Miles Platting Leisure Centre – Again I needed to explain what a burkini actually was. Once I’d described it, the receptionist can’t have been very taken with the idea because she looked for a reason, any reason, to ban me and my burkini. The reason she came up was: “You’re not allowed anything that covers the hair.” This, despite the photo on the leisure centre website of a smiling granny, resplendent in a blue swimming cap and matching cozzie. Presumably, this was taken before she was frogmarched from the facilities.
Anyway, once I had found somewhere that would actually let me in, I was set. The costume itself is actually quite flattering, it skims over places rather than sticking to them. It may be billed as modest swimwear, but I found it quite immodest in some respects. In a swimming costume, everything is engineered to hold you in place. Most of your body is on show, but at least the bits under the costume are hidden.
In my burkini, the lack of engineering meant it was just like wearing quite a tight dress made out of thin fabric. Not tight enough to offer any support however. Every jiggle was not only as plain as the nose on your face, it was also as plain as the nipples on my chest.
Once in the water, I felt less exposed and nobody batted an eyelid that I was wearing more fabric than the rest of the swimmers put together. I had made a fundamental error though. In all my changing room nerves, I had forgotten to fasten the trousers of the burkini to the top half. As I doggy paddled down my first length I felt the trousers head south whilst the top began to balloon up. Before I could be escorted out of the pool for public indecency, I waddled back to the shallow end to readjust.

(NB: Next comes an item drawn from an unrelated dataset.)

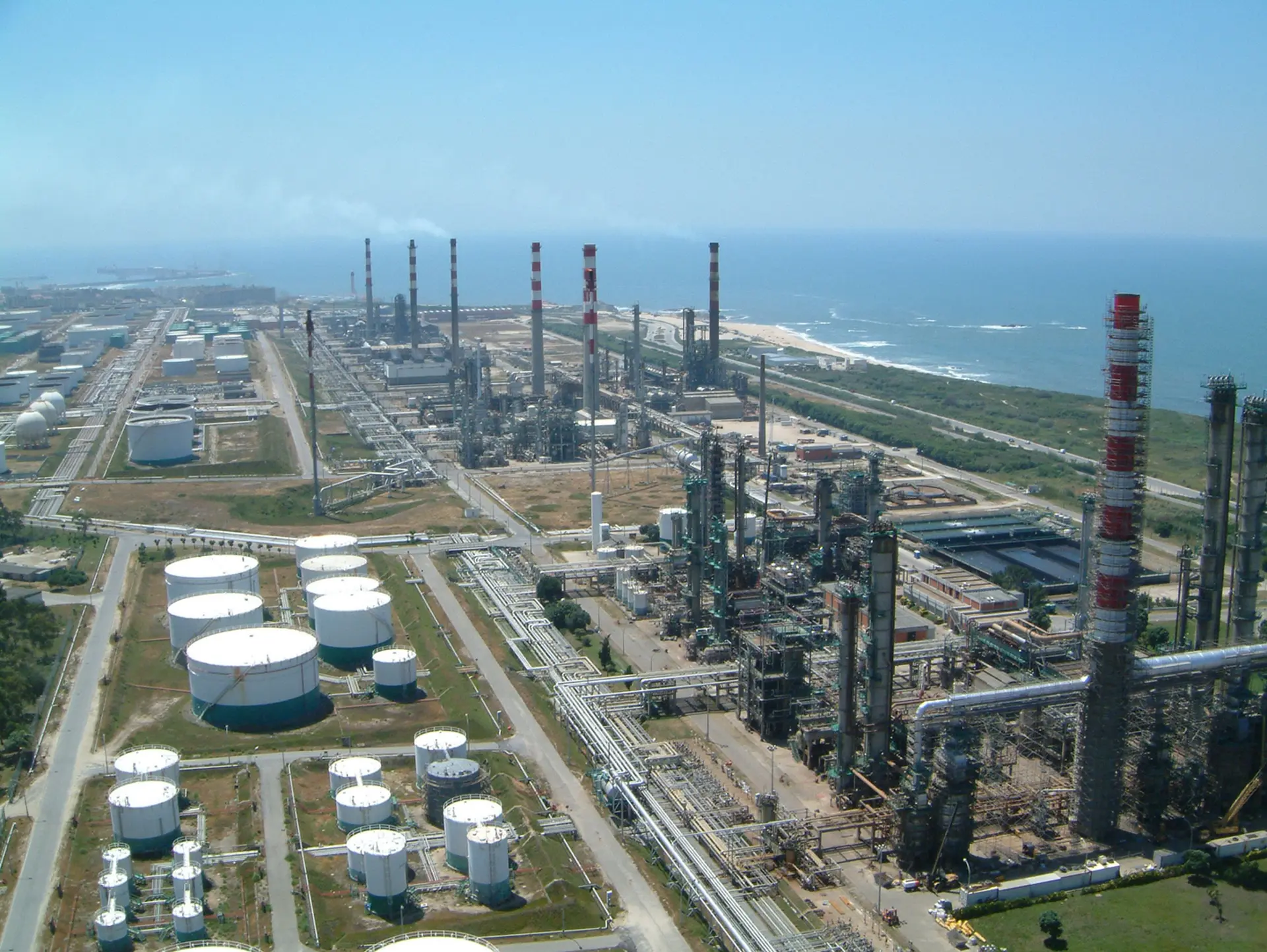 Aerial view of the Porto refinery conversion site with storage tanks, processing towers and coastal infrastructure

Fastening the two halves is a tricky process as the button holes are miniscule and located on a strip of the world’s least stretchy elastic.
Once my wardrobe malfunction had been rectified, I was off, ploughing through the water like Rebecca Adlington. Except of course I wasn’t. It’s like swimming in your clothes – not exactly streamlined. I gave up the doggy paddle after a while and opted for the easy option of backstroke but without the arm movements. Floating, to all intents and purposes. I was exhausted afterwards and when I eventually climbed out of the baths it felt like the weight of all that sodden fabric was dragging me down, deep into the earth’s core.
It is fine if you’re just doing a few lengths but I can’t see the burkini taking off at the Olympics, where everything comes down to that hundredth of a second.
It was when I headed for the changing rooms that the hullaballoo really kicked off. The women-only swimming lessons in the other pool had just finished and when they saw my burkini they could not get enough of it. There’s definitely a market out there because I must have been asked a dozen times where I got my swimming costume from. The ladies were all in homespun burkinis which consisted of leggings and t-shirts so my turquoise and purple bobbly dazzler was quite an eye-opener. I have never before had so many compliments about how I look in swimwear, and I imagine I never will again.
Abu, if anyone mentions Stretford Leisure Centre when they’re buying a burkini, I want a cut.